The 10 Worst Metallica Songs
A Metallica playlist which should be dressed in a heavy coat and thrown into the ocean
There’s no denying the sustained influence, impact and importance of Metallica over the last 35 years. They’ve recorded over 150 songs, almost all of which deserve a place in their setlist. It’s an extraordinary hit-rate, but which are their comparative misfires? As usual, covers don’t count (not that any would be eligible), nor do collaborations (Lulu breathes a sigh of relief), and this one might polarise the generations – so if you were introduced to Metallica with Load when you were 12, you might even prefer Ronnie to Metal Militia (bless). Still, here are 10 of the arguably-least-brilliant Metalli-cuts.
10. Where The Wild Things Are
The lyrics and themes of this Reload deep cut – Jason Newsted’s sole co-writing credit from the Load era – suggest a soporific quality, but promising attempts at a subdued nocturnal atmosphere don’t really go anywhere on this uneventful snoozefest. Never played live, it sounds faintly like Metallica sleep-wrote it during a dream in which they were Alice In Chains.
9. Don't Tread On Me
This always stuck out as a rare pile of whiffy American spray cheese among the sublime, hallowed grooves of The Black Album. From the cringeworthy appropriation of Leonard Bernstein’s jaunty America melody from West Side Story, to the flag-waving World Police lyrics, no wonder Hetfield once confessed to Playboy that this was “not one of my favourites”.

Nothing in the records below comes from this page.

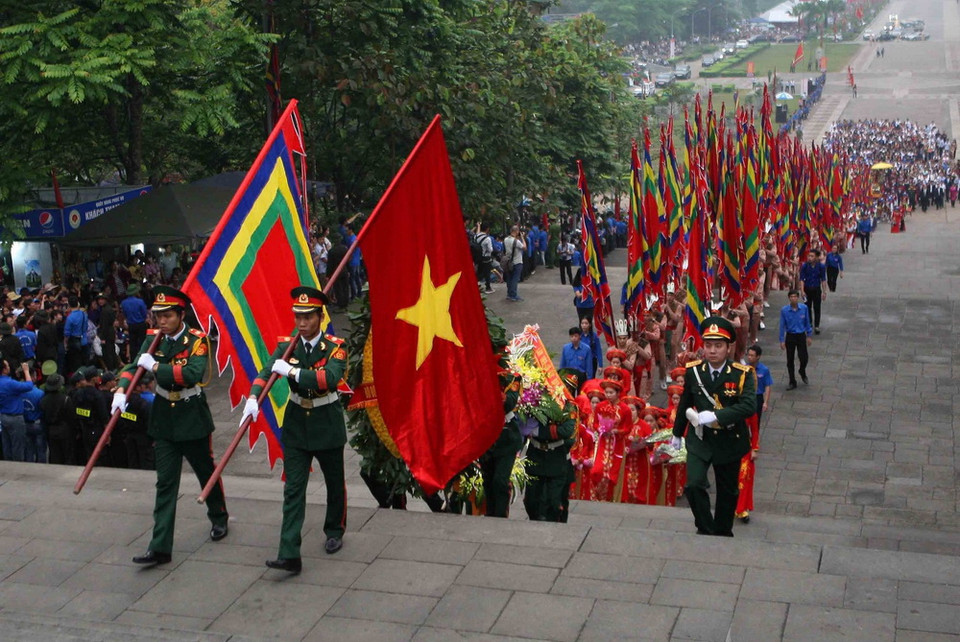 Đoàn dâng hương từ sân trung tâm lễ hội lên đền Thượng. (Ảnh: Thanh Tùng/TTXVN)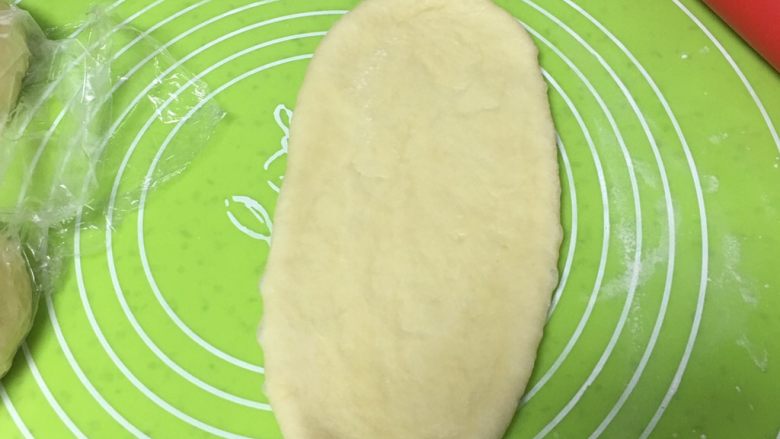 奶油吐司面包,将剂子擀成椭圆形。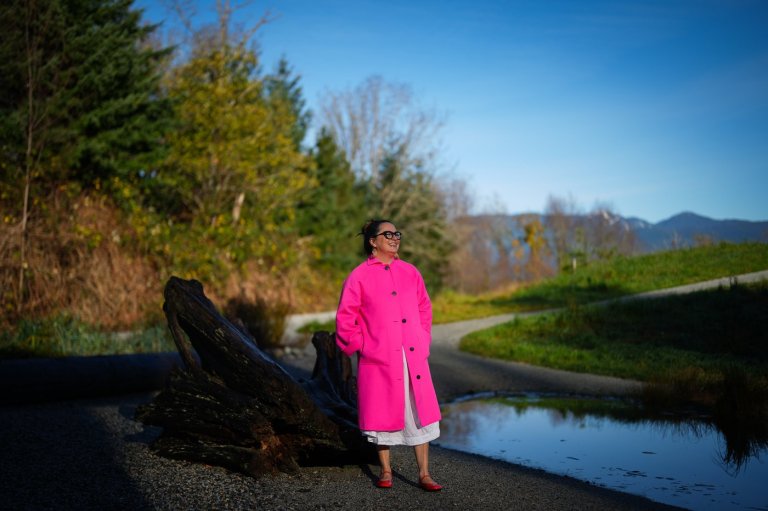 What do snowboards and mountain goats have in common? Indigenous weaver knows | iNFOnews.ca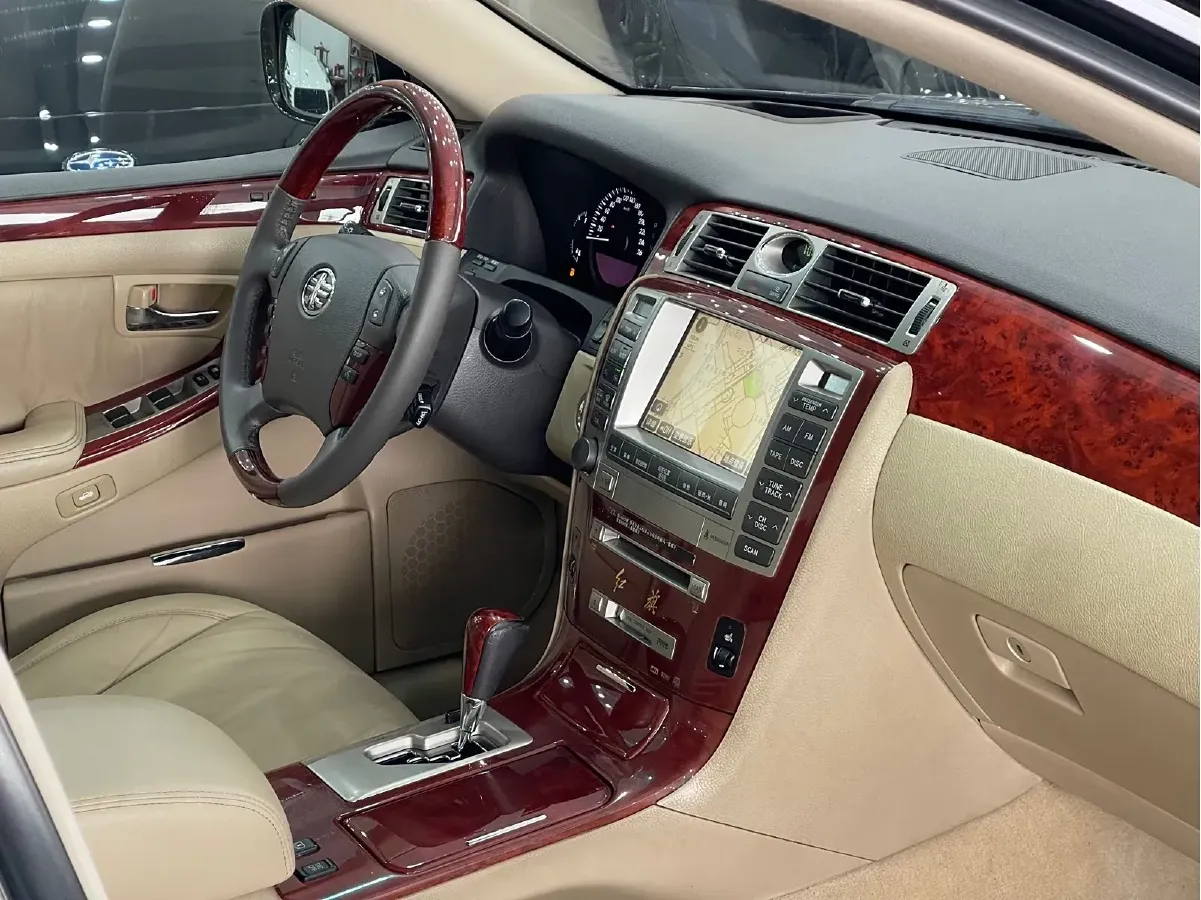 2009 HongQi ShengShi 4.3L 280HP V8 6AT,autocango,china used car exporter,china ev exporter,chinese used car exporter,chinese used ev exporter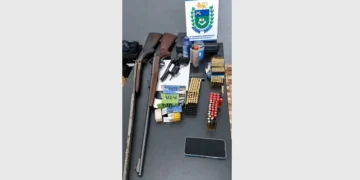 Denúncia de violência doméstica termina com prisão e apreensão de três armas em São Gabriel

With its squeaky, skronky comedy riff and Hetfield’s grumbling hillbilly spoken word section, this arid, sub-Skynyrd, faux-Southern shuffle was one of the most controversial and laughable tracks on Load, not least because the new-look Metallicats had written a song called Ronnie. What next, Slayer doing a track called Barry? Exodus naming a song Dave? Anaal Nathrakh releasing a Keith seven-inch? We'll stop.
7. Hate Train
The risibly-titled Hate Train sounds like it was put together by a computer using a Metallica song algorithm app; Fuel is the obvious template for the vehicular riff, but the whole song sounds over-familiar and under-written, the Beyond Magnetic opener raising suspicions that the EP was a recycling bin for rightly rejected album material.
In 1996, Load was an instantly divisive album (largely thanks to the dolled-up inlay photos), but many initially reviled songs have justly settled into post-thrash Metalli-classics. Never played live, Cure doesn’t egregiously soil the band’s mid-90s legacy, but it does nothing new or interesting, a nondescript plodder padding the CD out to maximum length.
5. The Unforgiven III
The Unforgiven II has many detractors, but it just about managed to subtly interweave themes from the original into a distinct but complementary musical setting. Whereas this Death Magnetic momentum-sapper is connected to the earlier songs in name only, seemingly used as a hook to artificially breathe life into an otherwise forgettable, pedestrian ballad with over-eager soloing.
If you haven’t dug out Reload for a few years, you’ve probably forgotten this song ever existed. It sounds like Metallica had by this point played Enter Sandman so many times, its riff embedded so deep in their psyche, that it subconsciously re-emerged in another form without any of them noticing, albeit lazily snapped off and tossed away.
3. Some Kind Of Monster
St Anger quickly became Metallica’s easiest target, with its ‘trash can drums’ and the well-documented mid-life crisis that coloured its creation, but the impulse to reach for new ideas and sounds was grudgingly admirable. This song, however, trudged in circles for a pointlessly bloated run-time, with bog-standard sub-Load riffs, lumpen arrangements and a weak afterthought of a chorus.
2. I Disappear
A thin, simplistic and repetitive smear of corporate rock mediocrity, from the sloppy, lightweight alt-rock riffing and interminable wah-wah to the over-processed redneck vocals and witless “hey hey hey” lyrics – although entirely appropriate for the soundtrack of a lobotomised Hollywood blockbuster. Jason Newsted disappeared shortly after I Disappear’s release, and who can blame him?
1. Invisible Kid
Pacing goes astray again on this ungainly St Anger low-point, aimlessly meandering for eight-and-a-half minutes with some of Metallica’s dumbest, dullest, most disposable riffs. James’ vocal melody sounds like he’s hastily improvising a fragment of an idea into a dictaphone, and his voice sounds unrecognisably weak and silly on the line “Ooh, what a quiet boy you are”.